В ответ я не сказала ни да, ни нет. Как-то я об этом не задумывалась.
– Я в этой истории не принимаю ничьей стороны. Совершенно очевидно, что Кора выжила из ума, и мне очень жаль, что у тебя такая сумасшедшая жизнь, но нельзя воровать чужие кредитки. Просто нельзя. Понимаешь?
Она провела пальцем по внутренней стороне стакана, собирая остатки зеленой слизи, а я снова открыла дверцу холодильника, чтобы проверить, не материализовалось ли там каким-то чудом что-нибудь мучное и сладкое. Увы.
Но это не было настоящим воровством. Не было.
Однако была одна вещь, о которой я не сказала сестре и не собиралась говорить маме с папой, да и вообще никому, потому что такие штуки неизменно портят настроение, когда ты вроде бы только начал оттягиваться по полной. Купив себе билет на самолет, я сразу же представила, как на борту попробую заказать вина, или же небрежно поинтересуюсь, могут ли меня пересадить в первый класс, или хотя бы потрачусь на дополнительные платные закуски. Путешествие с родителями всегда означало унылые сухофрукты и липнущий к зубам попкорн из пластикового пакетика. А я закажу, например, «Принглз»! Я собиралась вознаградить себя за успешный прорыв сквозь кордоны службы безопасности, но вся дикость заключалась в том, что, стоило мне предъявить паспорт (с одиноким штампиком в память о жутких выходных на Багамах, когда мы с Линетт должны были «получше узнать друг друга»), как меня тут же спокойно пропустили, будто пятнадцатилетние путешественницы без сопровождающих попадаются сплошь и рядом. Может, так оно и есть, но для меня-то это было впервые. Они даже не заметили маленький газовый баллончик, приделанный к связке ключей. К тому времени, как я оказалась в самолете, я чувствовала себя еще более незаметной, чем дома, и принялась уныло хрустеть грошовым арахисом, словно других вариантов не было вовсе. Я превратилась в одушевленный эквивалент одного из тех воздушных шариков, которые мы отпускали в небо, привязав к ним бумажку с нашими именами и адресами в надежде, что кто-нибудь нам напишет. Только вот никто нам так ни разу и не написал.

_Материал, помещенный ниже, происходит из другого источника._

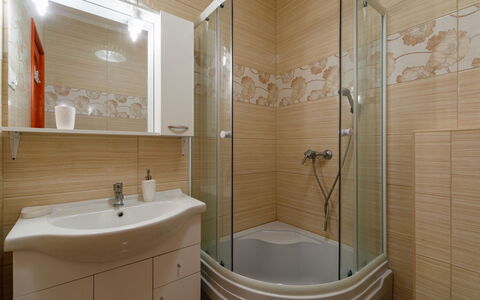 Balatonbereny 600: Plumbing Fixture, Mirror, Shower Head, Tap, Sink, Property, Bathroom Sink, Shower Door, Bathroom
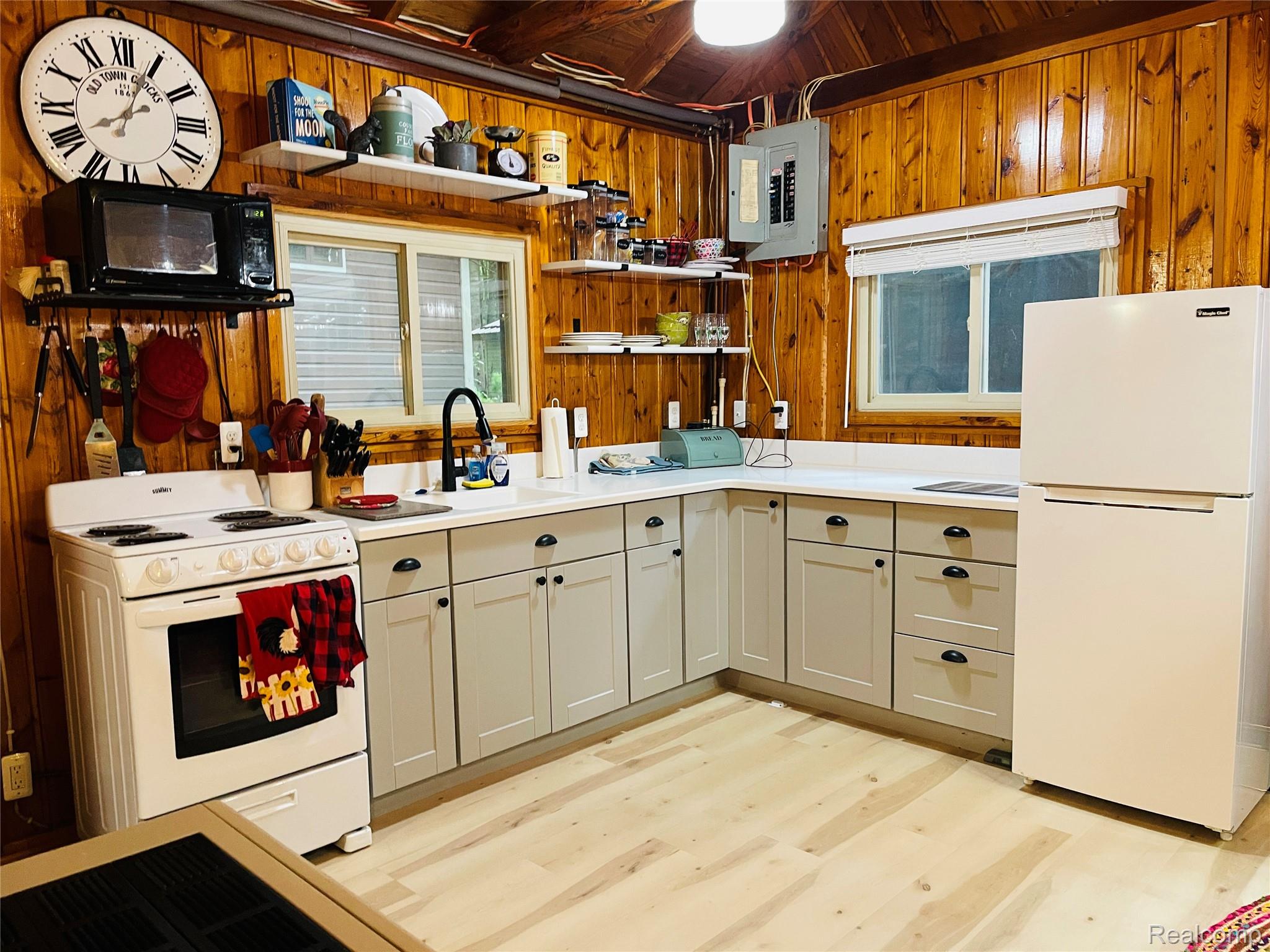 417 Ogemaw Road
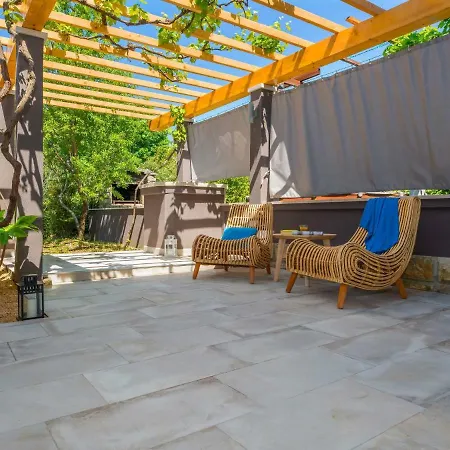 וילה A-r-t- By Interhome *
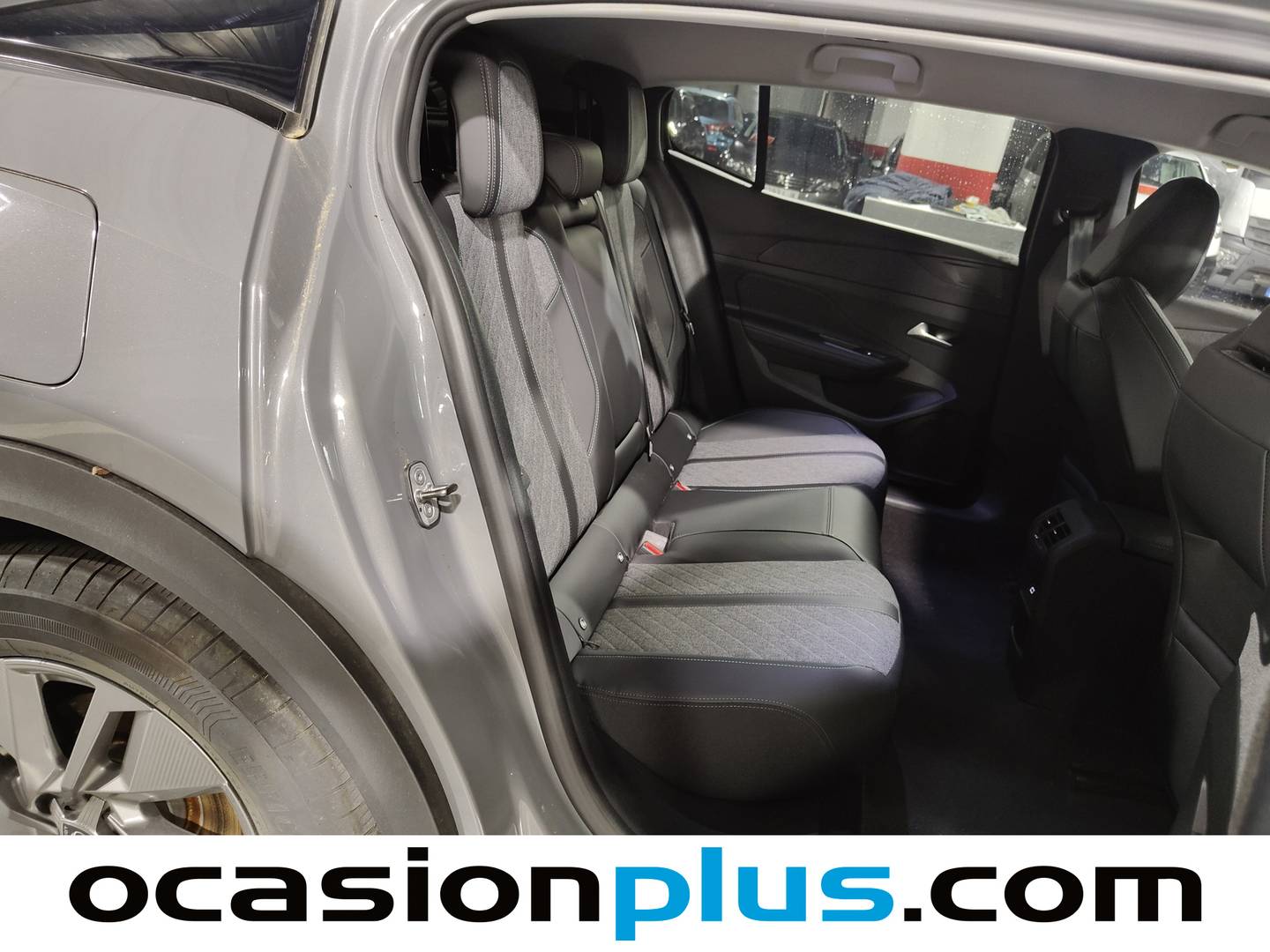 Foto Peugeot 408 Peugeot 408 Allure PHEV 180 e-EAT8 (181 CV)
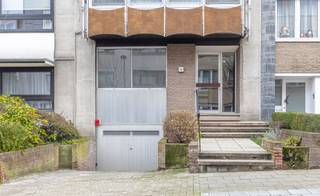 Mooi appartement met 1 slaapkamer, terras en tuin te Oudergem in een wijk waar het zeer aangenaam wonen is. In nabijheid van alle...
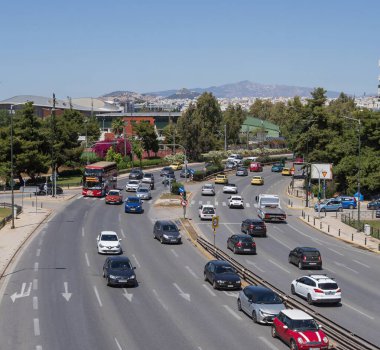 Atina 'da otoyol trafiği otomobiller, otobüsler ve modern kentsel karayolu altyapısı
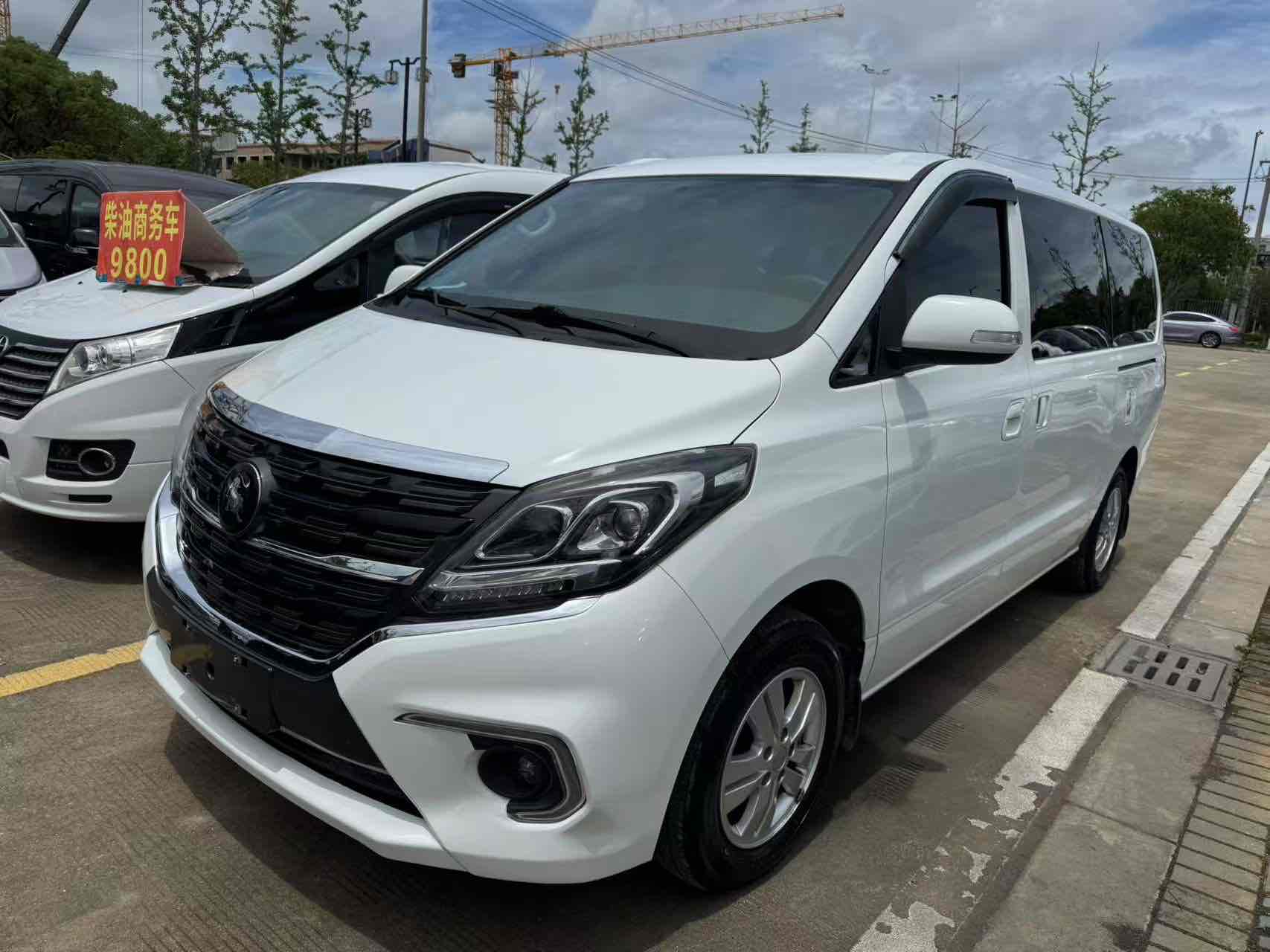 Forthing M7 2023 Forthing M7 2023 immagine di auto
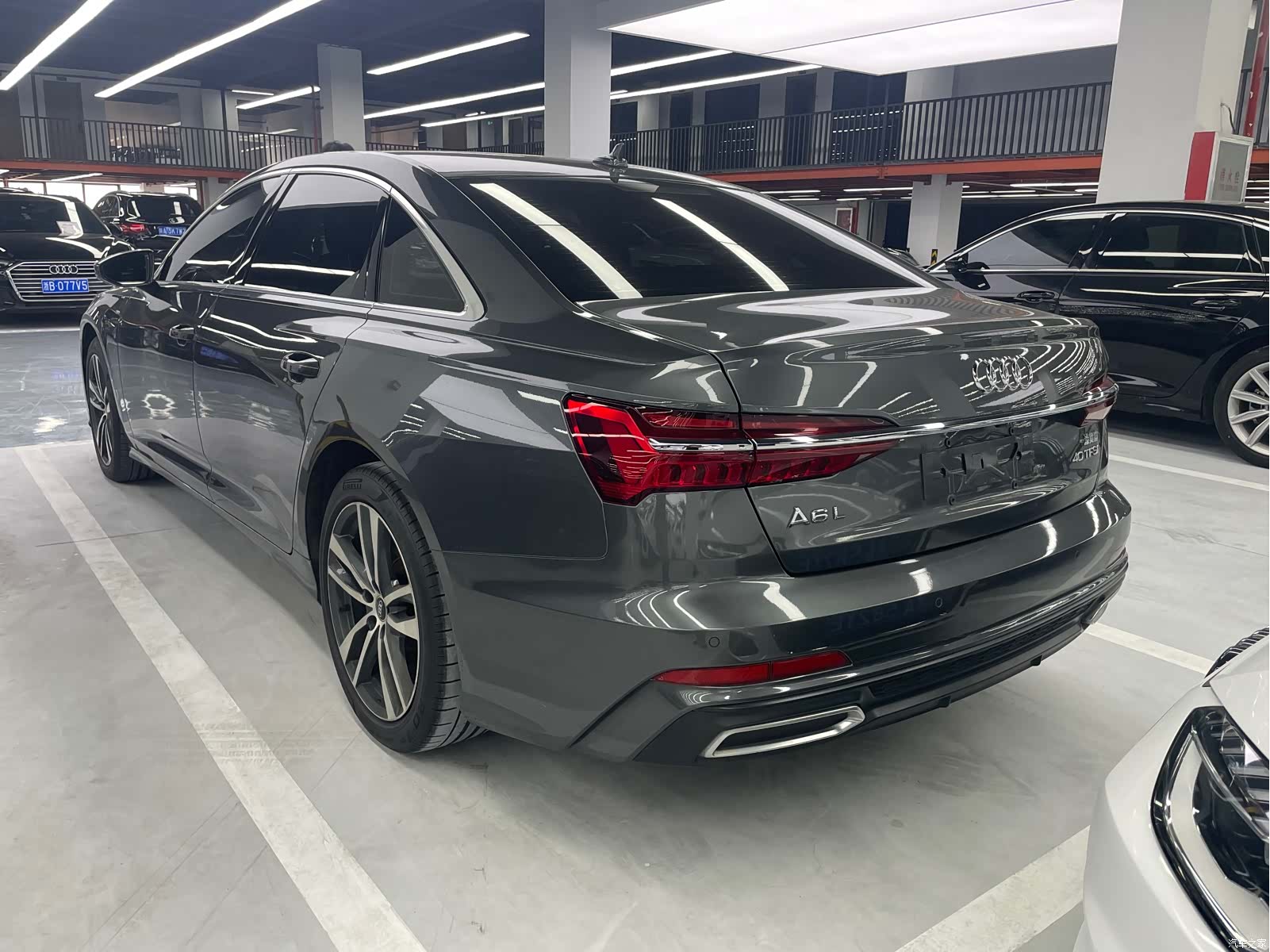 Audi A6L, 2022 11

Может, сестра права и у меня действительно депрессия. Нормальный человек взял бы в самолете хотя бы коробочку с ланчем. Правда, у меня мелькнула мысль, что по прибытии в Лос-Анджелес я могу взять такси и рвануть в Диснейленд, или помчаться прямиком к огромному знаку «Голливуд» на холме, или купить карту с домами знаменитостей, а то и стать самым юным папарацци и внезапно прославиться благодаря своим снимкам, как бывает в кино на платных каналах. Я считала, что идеи такого рода говорят об оптимизме, но вполне возможно, что на самом деле они жутко депрессивные.
Когда мы приземлились, сестра уже поджидала меня прямо у паспортного контроля, прилипнув ухом к телефону.
– Да, – говорила она, – она уже здесь. Я ее вижу. Выглядит хорошо. Понимаю. Ладно. Я тоже тебя люблю.